So you decided to go to the gym on a regular basis. For the first few sessions, you’re very motivated, you have a plan, and the future looks full of promise. But slowly, your motivation starts going down. Every time you need to go, it’s a struggle. You have to convince yourself to get out of the couch and go to the gym, but you still do it, you pull through. You might be successful for a month. But this constant struggle is not sustainable. One day something “important” comes up and you skip a day. After a while, you skip a few days and then you skip a week. You are then in this denial period where you tell yourself that when you go back to the gym, you will make up for that lost days. Before you know, it has already been 4 months since you’ve been to the gym.

To say that you will exercise on a regular basis is easy, but sticking to it is much harder. To keep exercising in the long run, we have to stop looking at exercising as this hard and painful drill, but instead turn your exercising into something fun and automatic. Our exercise routine has to become a daily habit. Exercising should become like brushing your teeth. You should do it every day without even thinking about it.

So, how can you make exercising as natural and automatic as brushing your teeth? The following are tips on how to build an exercising habit so that you can stay active for longer.

How to Exercise Regularly? Create A Habit.

Start Small

The mistake that a lot of people make when they want to establish a new habit is that they want to do too much too fast. You should do exactly the opposite, start as small as possible. That is to say, schedule short and easy exercise sessions. Do you want to run? Start by running for just 5 minutes. Do you want to do weight training? Start with 10 pushups.

The goal here is to make the new habit so easy that you can’t not do it. When you make the task, so easy it becomes harder to come up with excuses. (You don’t have time to run for 5 minutes? You don’t have enough energy for 10 pushups? Give me a break!) This trick reduces the fear inspired by this new task and increases the chances of creating the new habit.

Create a Trigger

Have you noticed that there are certain sequences of actions that we do without even thinking? For example, when you wake up in the morning you probably go straight to the bathroom, brush your teeth, take a shower, get dressed and then make yourself a coffee. During this time your mind is probably thinking of things that you need to do during the day, you don’t have to push yourself to do each of these actions consciously, it just happens naturally.

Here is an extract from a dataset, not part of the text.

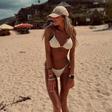 Mulher de Kaminski mostra prenda do Benfica para o filho (fotos)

The trigger is what kicks off that series of actions. In the morning example, it could have been snoozing your alarm or wearing your slippers as you get out of bed. In The Power of Habit, Charles Duhigg shows how to create a trigger to instill a habit. Ideally, this trigger should be easy to do and has to happen right before or in the same environment as the habit you are trying to create. For example, if you want to go for a jog every day your trigger could be putting on your jogging shoes. You then need to follow that by the habit that you want to introduce. The key here is that you need to repeat this sequence of actions every day and do it at the same time so that your mind has time to make it into a routine. At first, it will take more willpower to go from putting on your jogging shoes to then going for the jog, but the more you do it, it will turn into a habit and take less and less energy from your part.

Keep Yourself Accountable

Find someone to report to, so that it makes you accountable for your results. It can be your partner, a colleague, or a friend. You can even go further and commit yourself publicly on a dedicated website. Your motivation will be stronger if the person you share it with is closer to you. Being afraid to disappoint other people is one of the most powerful motivating factors to reach your goals, so use it to your benefit.

Stay The Course

Establishing a habit can take some time, so don’t get disappointed if it still feels difficult after one month. Research says that it takes about 66 days for you to establish a new habit. In my experience, it takes closer to 3 months.

Regardless of the time, it takes, just continue to exercise every day, in small sessions, until you do not have to even think about it. Only once it becomes a habit, then you can gradually increase the difficulty. If you were running 10 minutes a day, now try to do it for 15 min. Do 30 pushups instead of 10. Or add an exercise to your routine. The key is to move slowly; there is no need to rush, take it step by step.

Setting up a new exercise habit is no easy task. It requires a lot of willpower and patience. But what a reward! Not only will you be fitter, but you will also feel healthier, happier and have more energy.